Les économistes s'attendent à un rebond modeste de la création d'emplois en mars, avec des prévisions pointant vers une augmentation d'environ 60 000 postes après la baisse de 92 000 en février.

Cependant, la pérennité de toute reprise est remise en question.

Le conflit en cours impliquant l'Iran a fait fortement grimper les prix mondiaux du pétrole, les prix de l'essence aux États-Unis dépassant 4 $ le gallon pour la première fois depuis plus de trois ans.

Nancy Vanden Houten, économiste en chef pour les États-Unis chez Oxford Economics, a averti que la guerre pourrait retarder les améliorations sur le marché du travail.

« Nous nous attendons à ce qu'elle retarde la modeste amélioration que nous anticipions sur le marché du travail cette année, car l'incertitude, un ralentissement des dépenses de consommation et la hausse des coûts poussent les entreprises à suspendre les embauches », a-t-elle déclaré dans un reportage de Reuters.
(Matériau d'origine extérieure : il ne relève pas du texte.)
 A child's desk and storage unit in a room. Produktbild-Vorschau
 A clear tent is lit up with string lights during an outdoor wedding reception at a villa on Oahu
Par ailleurs, les demandes continues — un indicateur du nombre de personnes percevant des prestations après leur demande initiale — ont augmenté de 25 000 pour atteindre 1,84 million pour la semaine close le 21 mars, ce qui indique qu'il peut falloir plus de temps aux chômeurs pour retrouver un emploi.

La restructuration liée à l'IA accroît la pression : Challenger, Gray & Christmas

Des données distinctes ont mis en évidence un déplacement structurel croissant sur le marché du travail, les entreprises ayant de plus en plus recours à l'intelligence artificielle pour rationaliser leurs opérations.

Un rapport de Challenger, Gray & Christmas a montré que les employeurs américains ont annoncé 60 620 suppressions d'emplois en mars, le secteur technologique représentant la plus grande part des réductions avec 18 720 postes.

Des entreprises comme Dell faisaient partie de celles annonçant des licenciements.

L'intelligence artificielle a été citée comme un facteur majeur derrière les suppressions, responsable de plus de 15 000 réductions d'emplois prévues — soit environ un quart du total.

« Les entreprises réorientent les budgets vers les investissements en IA au détriment des emplois », a déclaré Andy Challenger, directeur des revenus de la société.

Il a ajouté que si l'IA ne remplacera peut-être pas entièrement les postes dans tous les secteurs, elle remplace déjà certaines fonctions, en particulier dans la technologie.

Le marché du travail reste équilibré mais fragile

Malgré la multiplication des annonces de licenciements, le total des suppressions d'emplois au premier trimestre s'est élevé à 217 362, soit le niveau le plus bas pour un premier trimestre depuis 2022 et une baisse par rapport au trimestre précédent, indique le rapport de Challenger, Gray & Christmas.

Le taux de chômage devrait se maintenir à 4,4 % lors de la publication des données officielles sur l'emploi, ce qui indique un marché du travail globalement stable.